İstanbul 29. Ağır Ceza Mahkemesince Silivri Ceza İnfaz Kurumu Yerleşkesi karşısındaki binada yapılan duruşmada savunma yapan tutuklu sanık Mesut Avras, İstanbul’da yaşadığı dönemde Pendik ilçesinde ikamet ettiğini, bir süre Pendik'te HDP ilçe merkezinde faaliyetlerde bulunduğunu söyledi.

Sonrasında Bitlis'teki köyüne dönerek tarım ve hayvancılıkla uğraştığını, bu süreçte siyasetle ilgilenmeye devam ettiğini anlatan sanık Avras, şöyle konuştu:

"Hayvanlarım telef olunca ekonomik sıkıntı yaşadım. 2015'te İstanbul'a döndüm. Tekrar Pendik'te inşaatlarda çalışmaya başladım. Siyasete ilgim olduğu için hep ilçeye gidip geliyor, HDP’nin propagandasını yapıyordum. Bu süreçte Ayhan Suni ile tanıştım. Kendisiyle siyasete ilişkin sohbetler yapıyorduk. Sebze meyve pazarında pazarlamacılık yapıyordu. Kendisinde inşaat işi bulmamı istedi. Araştırdım. Görüşmelerimiz sıklaştı. Bu süreçte kendimi ekonomik olarak toparlamaya çalıştım. Nisan 2017'de tekrar köyüme dönüp yerleştim.
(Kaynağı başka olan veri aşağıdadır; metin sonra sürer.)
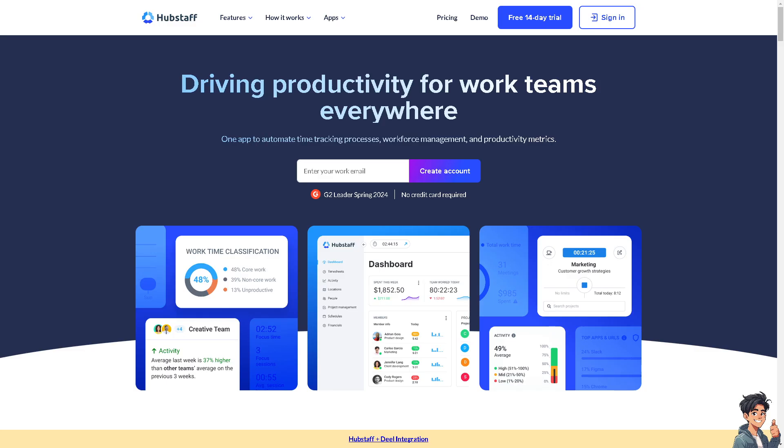Using Hubstaff as an employee involves several steps to ensure accurate time tracking and efficient communication with your employer. But before you can use Hubstaff, make sure to sign in or log in using your credentials.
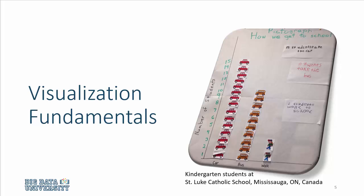Let us begin with the fundamentals of visualization. What you see on the right side is a pictograph or bar chart prepared by students in a kindergarten class, four-year-olds at the St. Luke Catholic School in Mississauga.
Bitlis Tatvan'daki köyümden Pendik'teki Ayhan'ı aradım ancak savcılık beni bu tarihte Pendik'teymişim gibi yazmış. Sanıklardan Zozan Kutum'u tanımıyorum. Ayhan Suni ile Zozan Kutum'u tanıştırdığım ve aralarında kuryelik yaptığım doğru değildir. Ayhan nerede neden tanık olarak dinlenilmiyor? Belki de Ayhan Suni kendisini kurtarmak için atmasyonlar yapmıştır. Evimde ne kadar kitap varsa el konulmuştur. Köyde hayvanlarımı beslerken gözaltına alındım. İddianamede, Pendik'teymişim gibi gösterilen tarihte ben Bitlis'teydim."

Mahkeme başkanı, tutuklu sanık Zozan Kutum'un ayağa kalmasını isteyerek, sanık Avras'a, Kutum'u tanıyıp tanımadığını sordu. Sanık Avras, Kutum'u tanımadığını söyleyince, başkan bu kez Kutum'a Avras'ı tanıyıp tanımadığını sordu. Kutum, Kürtçe tercüman aracılığıyla, sanık Avras'ı tanımadığını söyledi.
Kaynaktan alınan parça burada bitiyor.